The U.S. currency was up but remained below its recent highs on Wednesday morning in Asia. The dollar rose on Wednesday morning thanks to ripple effects from the crackdown in China and caution ahead of the Federal Reserve’s latest policy decision.
The dollar index that tracks the U.S. currency against a basket of other main currencies rose 0.06% to 92.493.
The USD/JPY pair gained 0.03% to 109.80. The yen rose about 0.5% against the greenback during the previous session to hit a one-week high. The Swiss franc and euro also recorded small gains. All of them held onto those gains as the Asian session opened, with the euro last trading at $1.1819, which capped gains for the dollar.
The yuan fell towards a three-month low against the greenback after recording its worst result since October 2021 on Tuesday.
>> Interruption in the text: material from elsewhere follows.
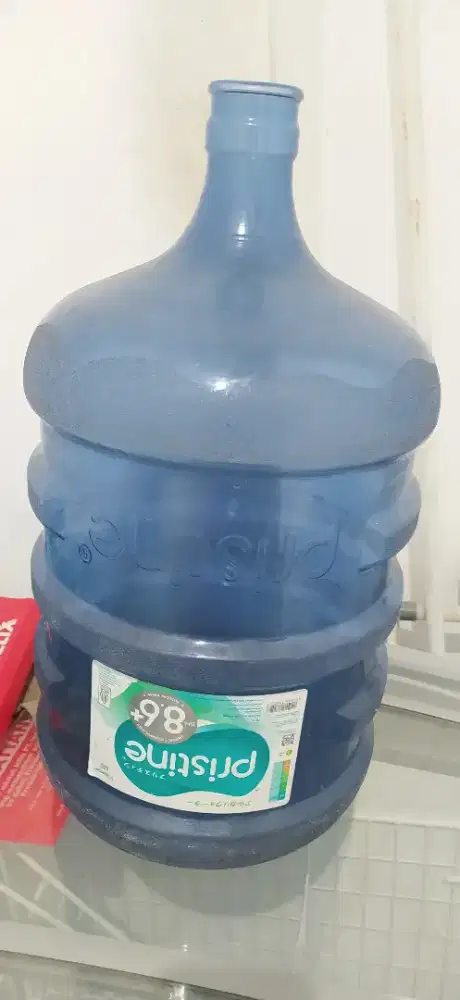Galon Pristine kosongan bekas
In Hong Kong, the Hang Seng Index also recorded its sharpest selloff in more than a year as concerns regarding the Chinese crackdown remained firmly in place. The crackdown on tech as well as other profitable sectors also saw jitters over the U.S. market on Tuesday.
The USD/CNY pair declined 0.05% to 6.5074 and the GBP/USD pair dropped 0.4% to 1.3868. The British pound surprised the market by jumping through its 20-day moving average during the previous session. The reports that the country is considering opening up its border helped to boost the pound.
The risk-sensitive Australian and New Zealand dollars also suffered losses as investor sentiment took a hit. The AUD/USD pair fell 0.09% to 0.7353 while the NZD/USD pair dropped 0.01% to 0.6955.
Dollar and the Federal Reserve
On Wednesday, investors continued to focus their attention on Chinese shares’ performance as well as the Fed decision. The central bank is expected to announce its decision later in the day.
The Federal Reserve’s unexpected hawkish turn in its previous session in June resulted in a month-long rally for the dollar. Analysts, as well as investors, are closely watching the Fed’s meeting as they would like to learn more about its plans. Should mounting inflationary pressures prompt the central bank to take serious measures sooner than expected, that would give both U.S. rates and the greenback a boost. But another hawkish tone is unlikely, with investors more likely on the lookout for any shifts in tone or emphasis.